- _Dataset entries_:

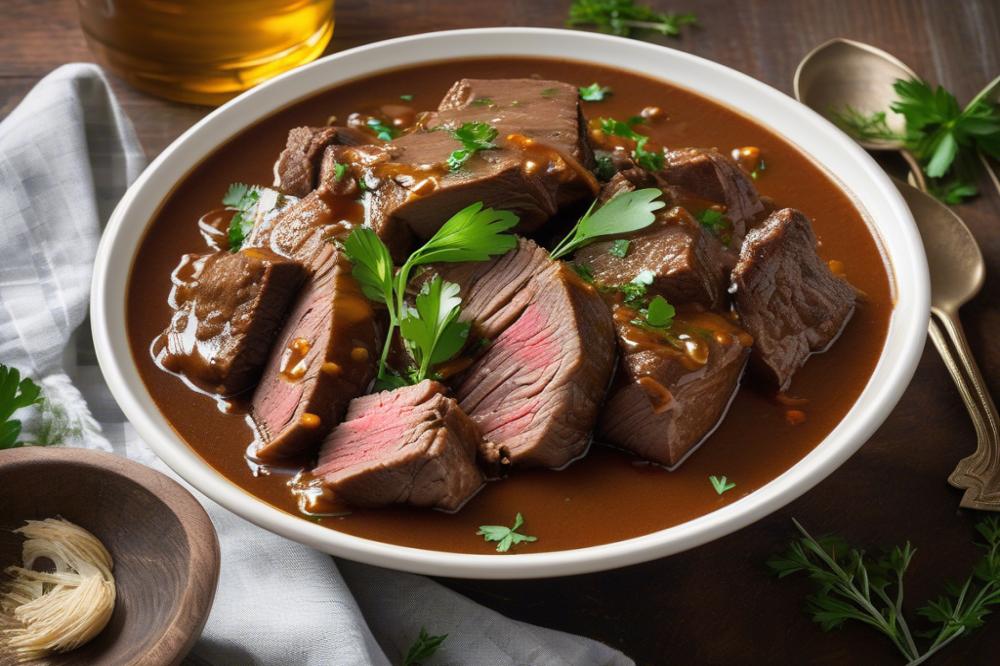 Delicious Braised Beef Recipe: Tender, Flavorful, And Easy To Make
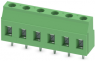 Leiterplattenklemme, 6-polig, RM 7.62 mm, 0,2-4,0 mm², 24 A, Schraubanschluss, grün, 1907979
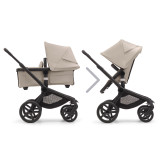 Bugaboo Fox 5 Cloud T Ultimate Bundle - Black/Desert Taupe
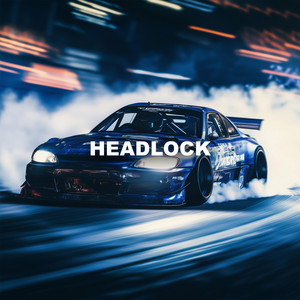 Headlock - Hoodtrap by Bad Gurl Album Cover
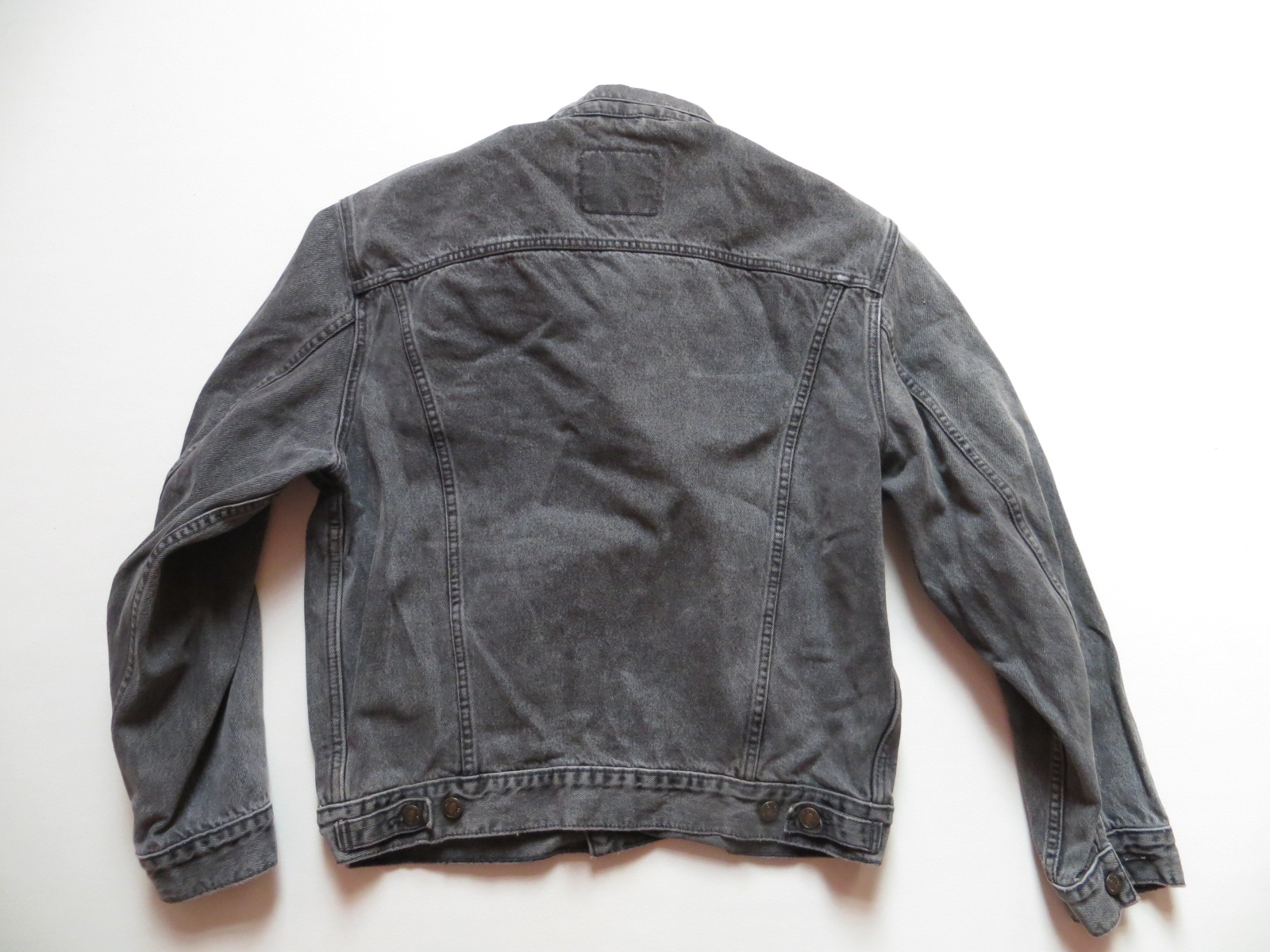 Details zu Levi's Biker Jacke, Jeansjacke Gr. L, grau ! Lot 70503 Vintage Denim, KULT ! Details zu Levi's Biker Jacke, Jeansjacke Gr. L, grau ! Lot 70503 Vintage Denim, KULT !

==

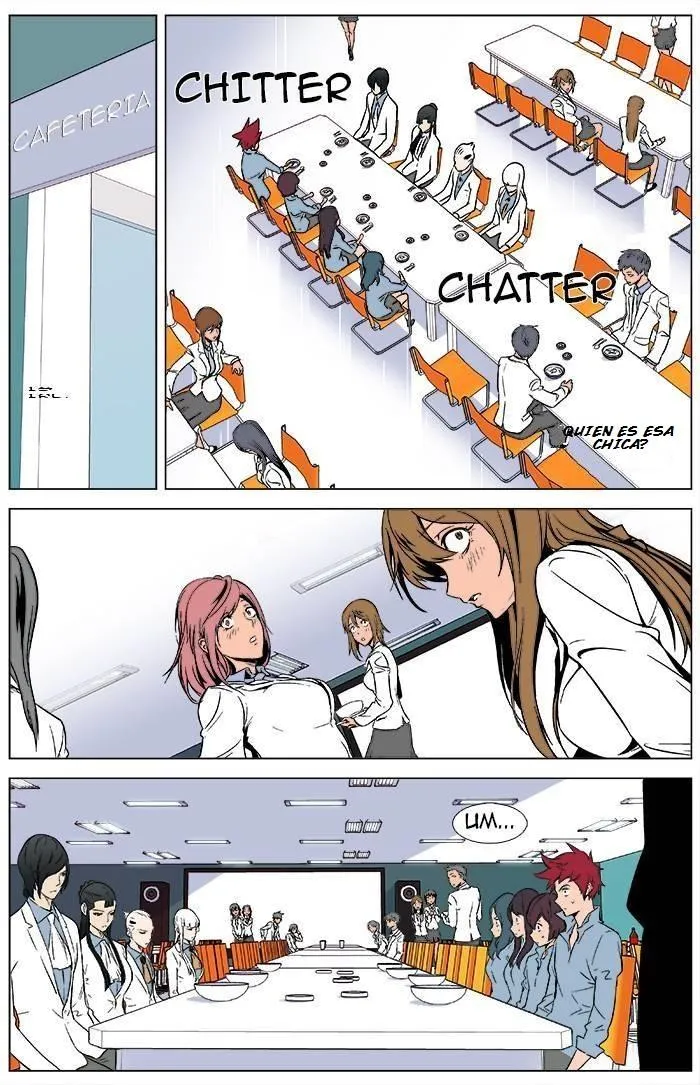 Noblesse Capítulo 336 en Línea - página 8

- _Your instructions_: From the records above, copy only the lines running from the line holding "Headlock - Hoodtrap by Bad Gurl Album Cover" through the line holding "KULT ! Details", with no pictures.

- _Written response_:
 Headlock - Hoodtrap by Bad Gurl Album Cover
 Details zu Levi's Biker Jacke, Jeansjacke Gr. L, grau ! Lot 70503 Vintage Denim, KULT ! Details zu Levi's Biker Jacke, Jeansjacke Gr. L, grau ! Lot 70503 Vintage Denim, KULT !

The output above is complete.